REQUIRED WORK
With the images removed, return every line below exactly as it reads.

DATASET RECORDS

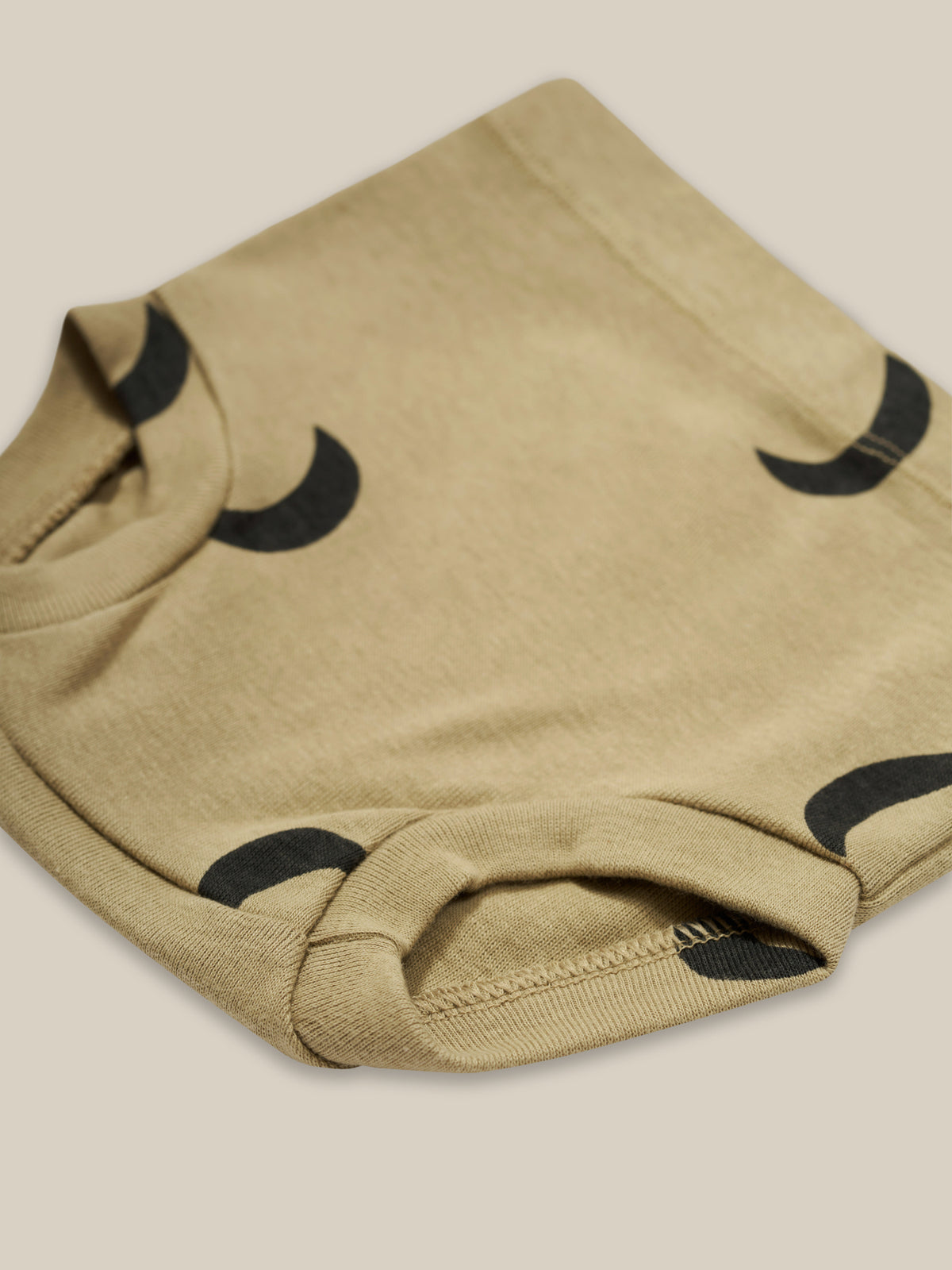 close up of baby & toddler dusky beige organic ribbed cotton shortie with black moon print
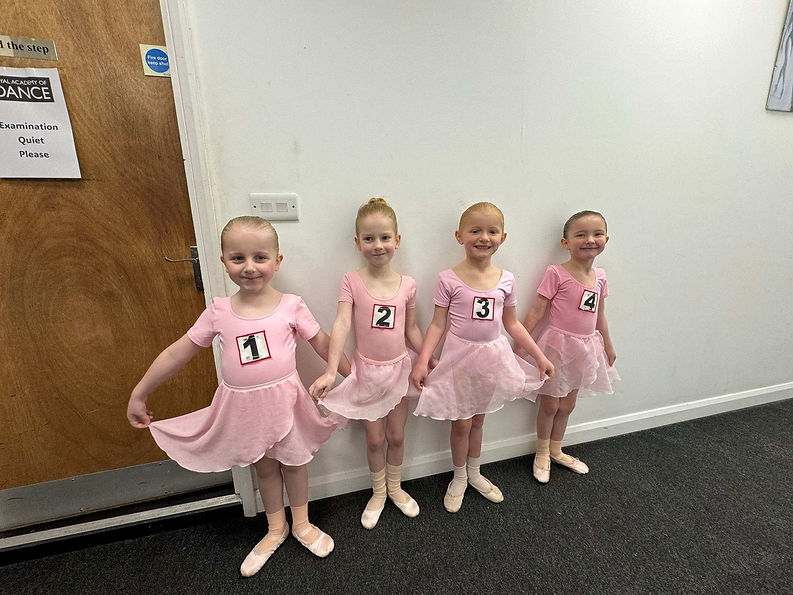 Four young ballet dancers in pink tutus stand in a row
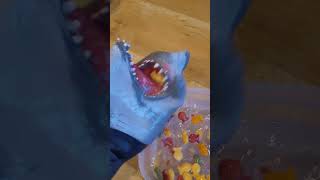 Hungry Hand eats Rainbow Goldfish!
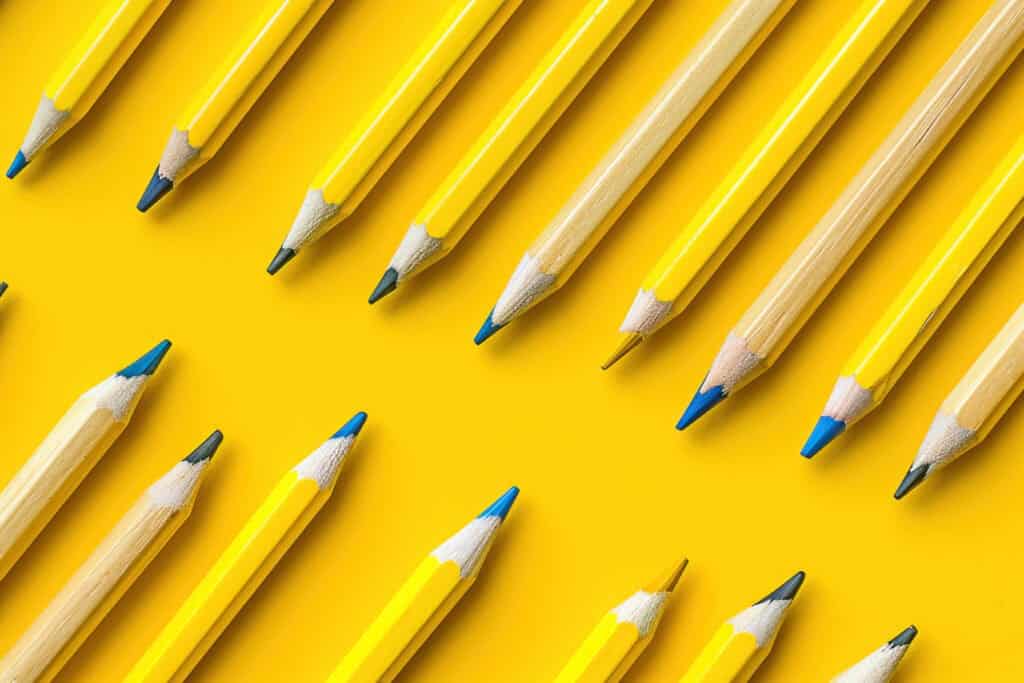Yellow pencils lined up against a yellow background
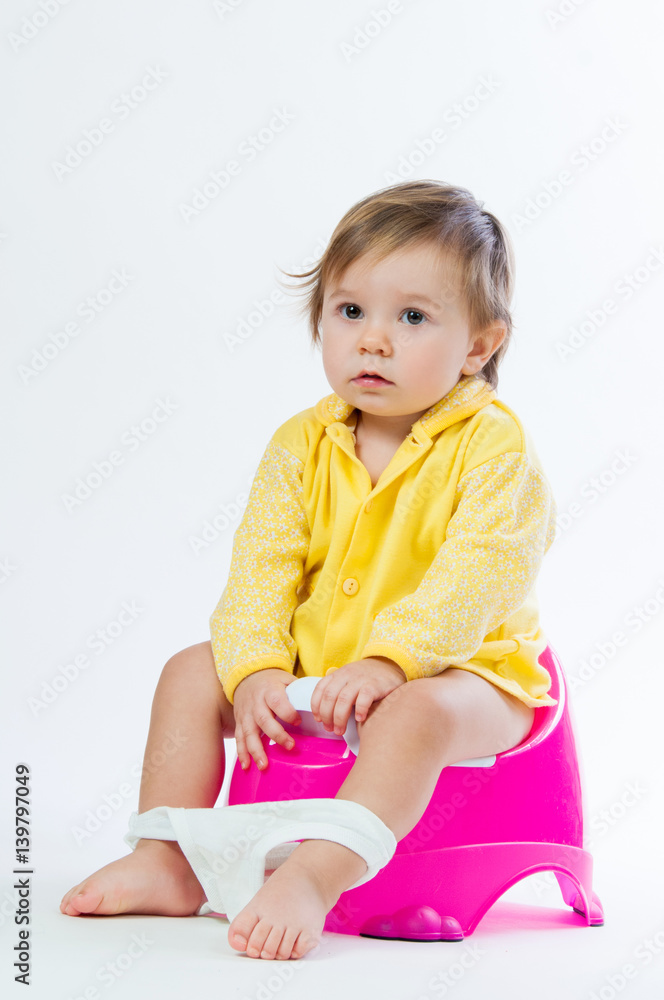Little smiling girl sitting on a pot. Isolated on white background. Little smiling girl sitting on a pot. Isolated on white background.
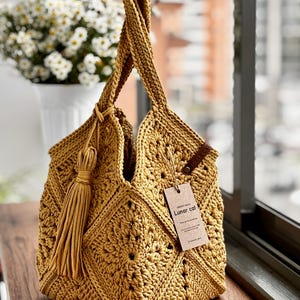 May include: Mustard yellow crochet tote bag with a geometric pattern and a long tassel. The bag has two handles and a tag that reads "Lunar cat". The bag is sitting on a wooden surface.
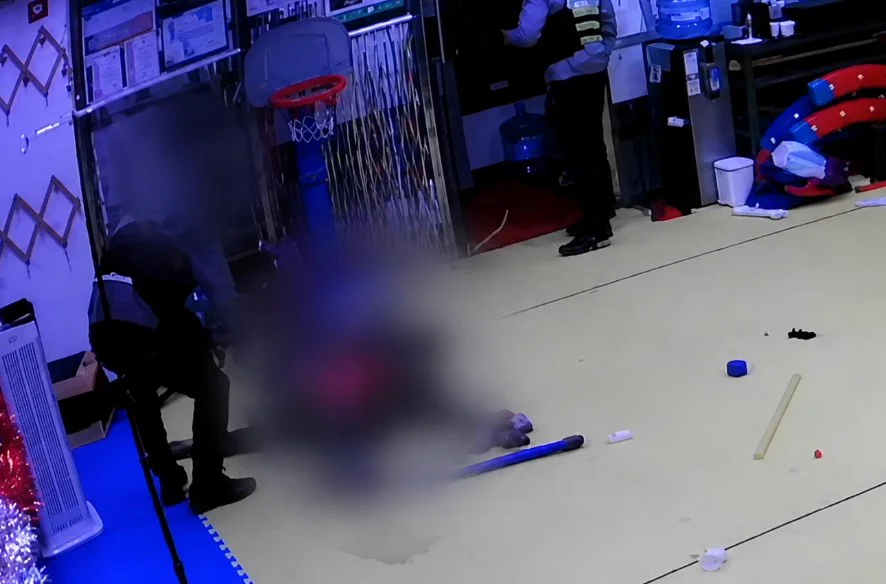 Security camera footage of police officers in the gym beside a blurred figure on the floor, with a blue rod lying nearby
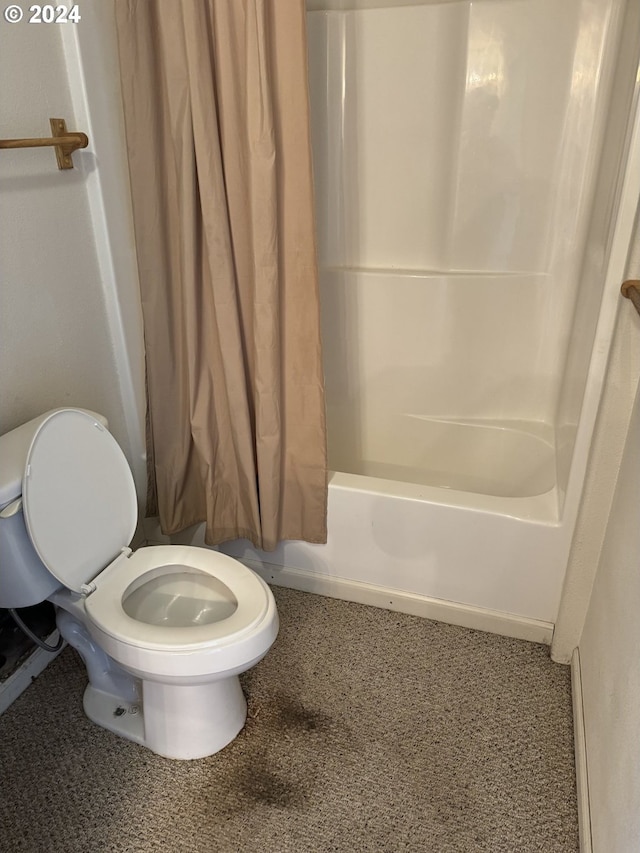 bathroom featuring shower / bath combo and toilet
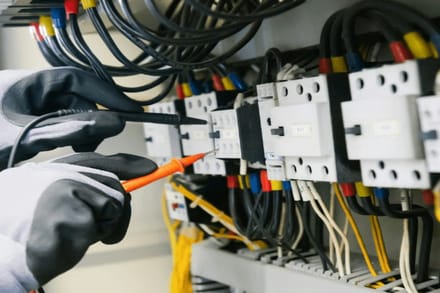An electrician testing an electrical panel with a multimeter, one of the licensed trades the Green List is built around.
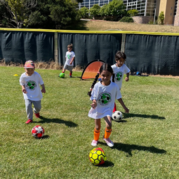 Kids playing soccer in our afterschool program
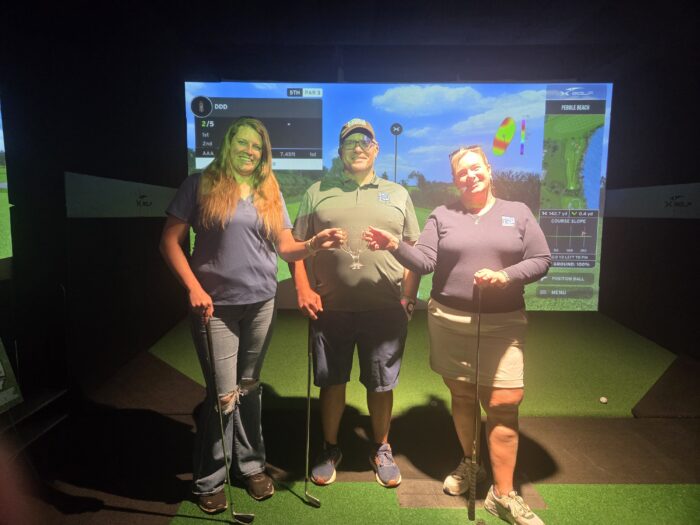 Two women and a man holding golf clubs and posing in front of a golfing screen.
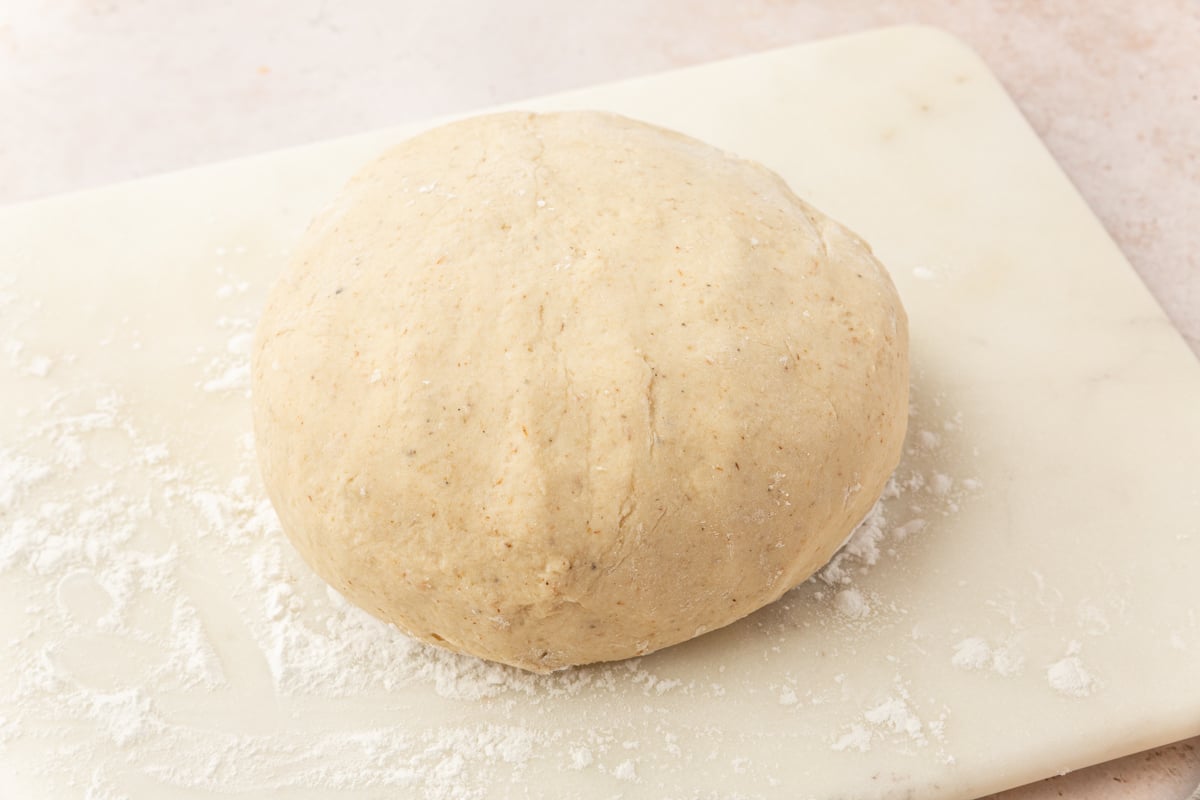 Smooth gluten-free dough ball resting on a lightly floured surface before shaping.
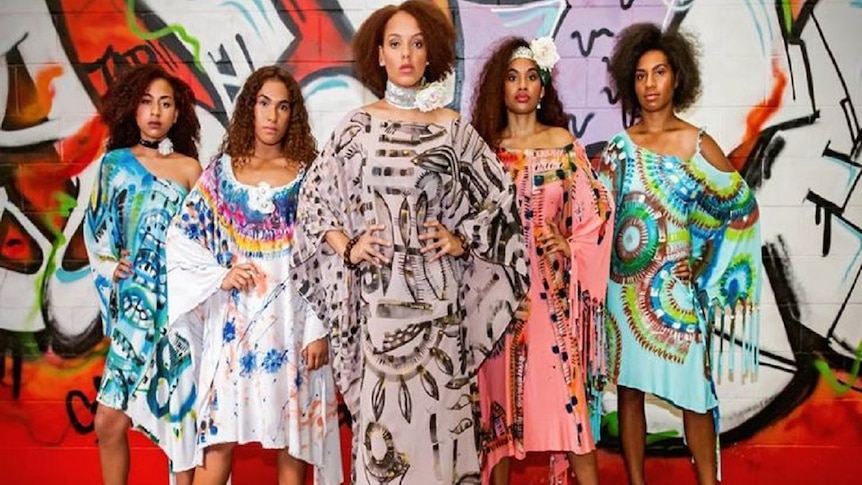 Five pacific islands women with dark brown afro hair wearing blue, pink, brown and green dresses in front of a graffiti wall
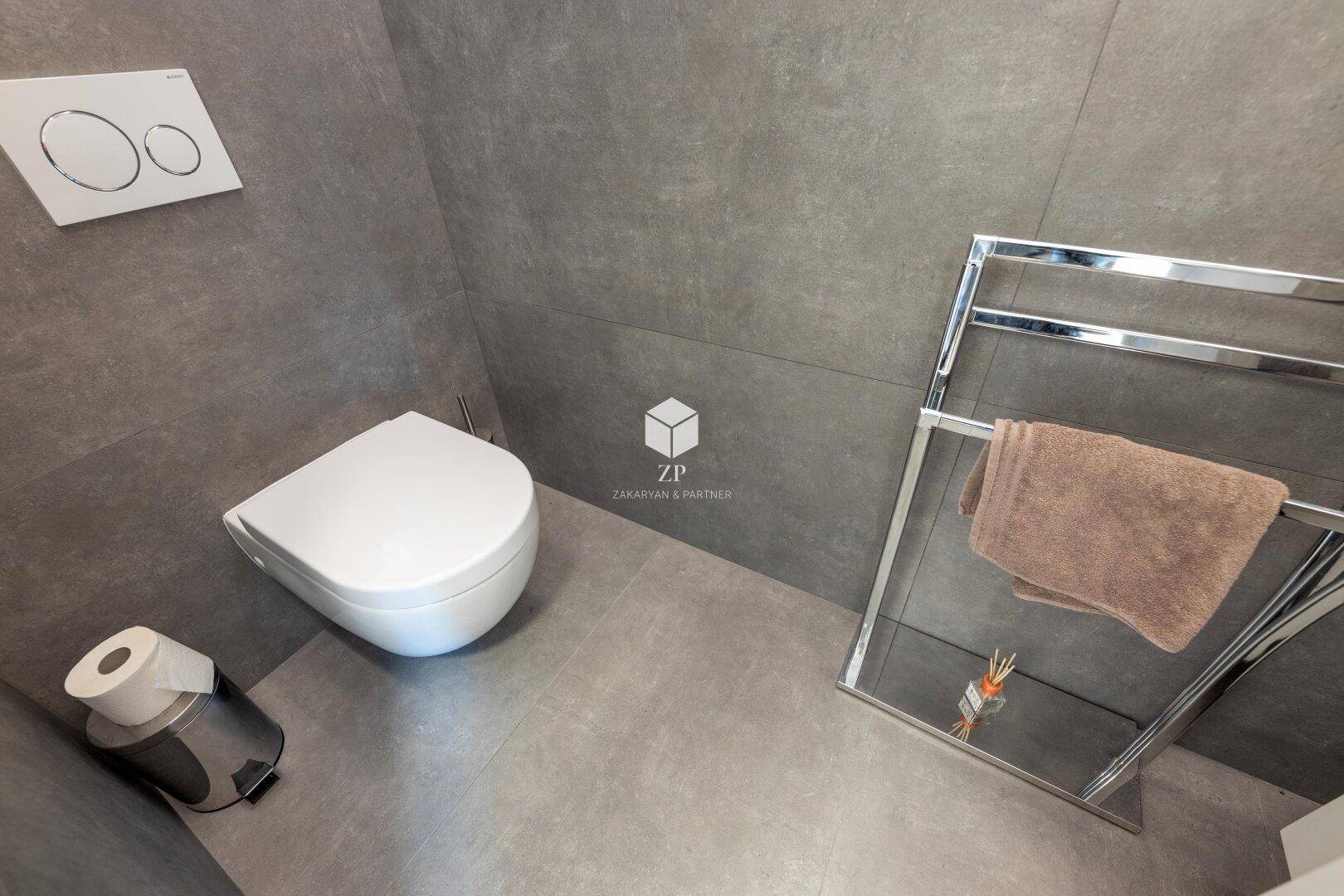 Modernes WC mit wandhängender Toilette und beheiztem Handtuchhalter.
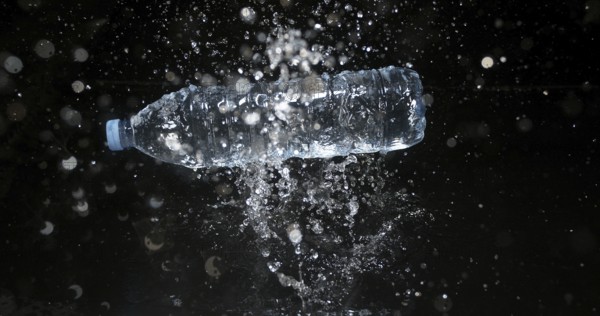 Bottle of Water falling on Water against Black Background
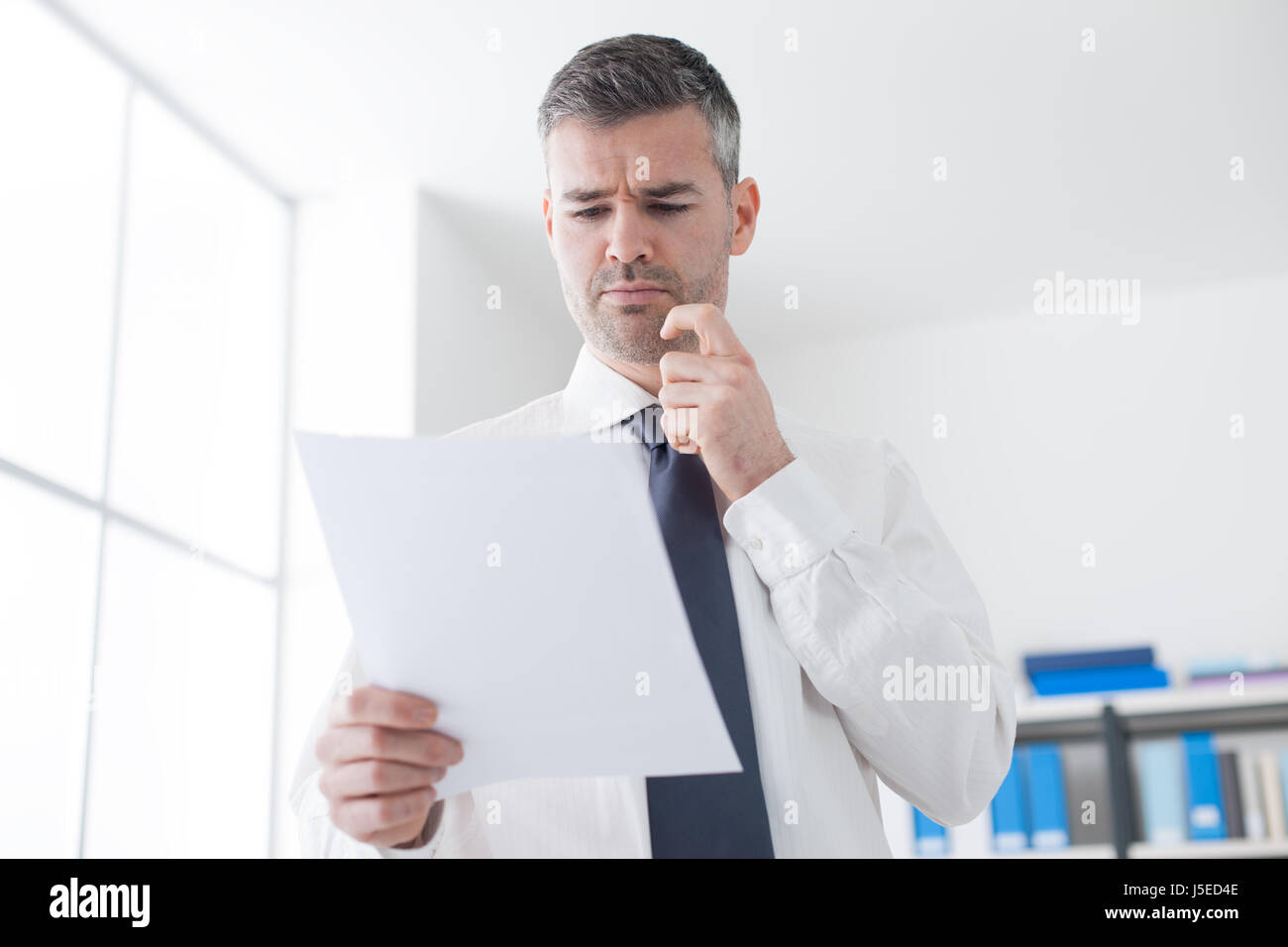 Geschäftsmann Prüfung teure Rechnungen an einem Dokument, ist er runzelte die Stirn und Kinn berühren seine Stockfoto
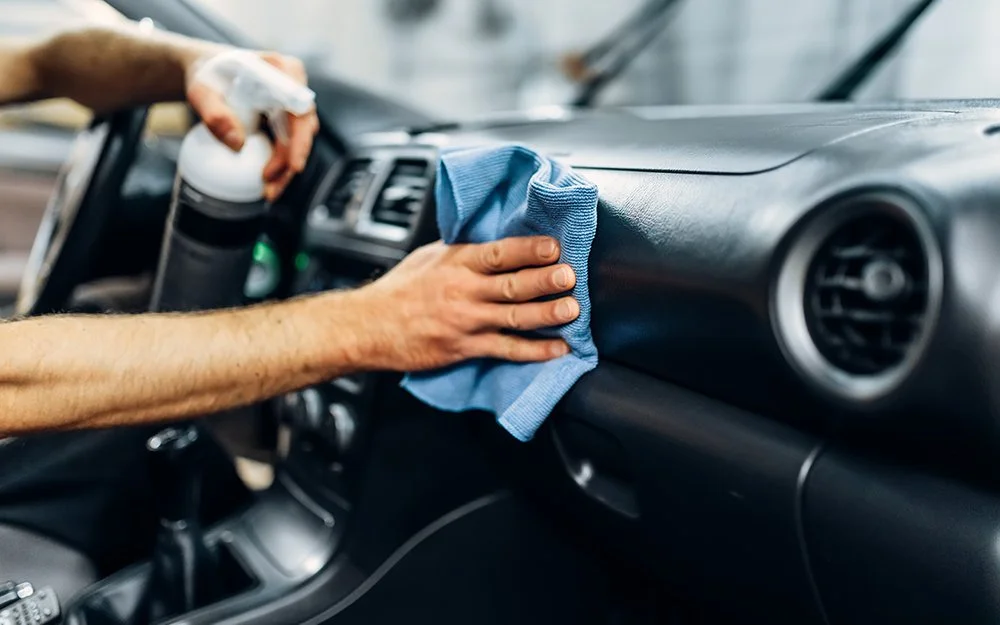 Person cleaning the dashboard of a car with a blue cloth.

ANSWER FOR THIS EXERCISE
 close up of baby & toddler dusky beige organic ribbed cotton shortie with black moon print
 Four young ballet dancers in pink tutus stand in a row
 Hungry Hand eats Rainbow Goldfish!
Yellow pencils lined up against a yellow background
Little smiling girl sitting on a pot. Isolated on white background. Little smiling girl sitting on a pot. Isolated on white background.
 May include: Mustard yellow crochet tote bag with a geometric pattern and a long tassel. The bag has two handles and a tag that reads "Lunar cat". The bag is sitting on a wooden surface.
 Security camera footage of police officers in the gym beside a blurred figure on the floor, with a blue rod lying nearby
 bathroom featuring shower / bath combo and toilet
An electrician testing an electrical panel with a multimeter, one of the licensed trades the Green List is built around.
 Kids playing soccer in our afterschool program
 Two women and a man holding golf clubs and posing in front of a golfing screen.
 Smooth gluten-free dough ball resting on a lightly floured surface before shaping.
 Five pacific islands women with dark brown afro hair wearing blue, pink, brown and green dresses in front of a graffiti wall
 Modernes WC mit wandhängender Toilette und beheiztem Handtuchhalter.
 Bottle of Water falling on Water against Black Background
 Geschäftsmann Prüfung teure Rechnungen an einem Dokument, ist er runzelte die Stirn und Kinn berühren seine Stockfoto
 Person cleaning the dashboard of a car with a blue cloth.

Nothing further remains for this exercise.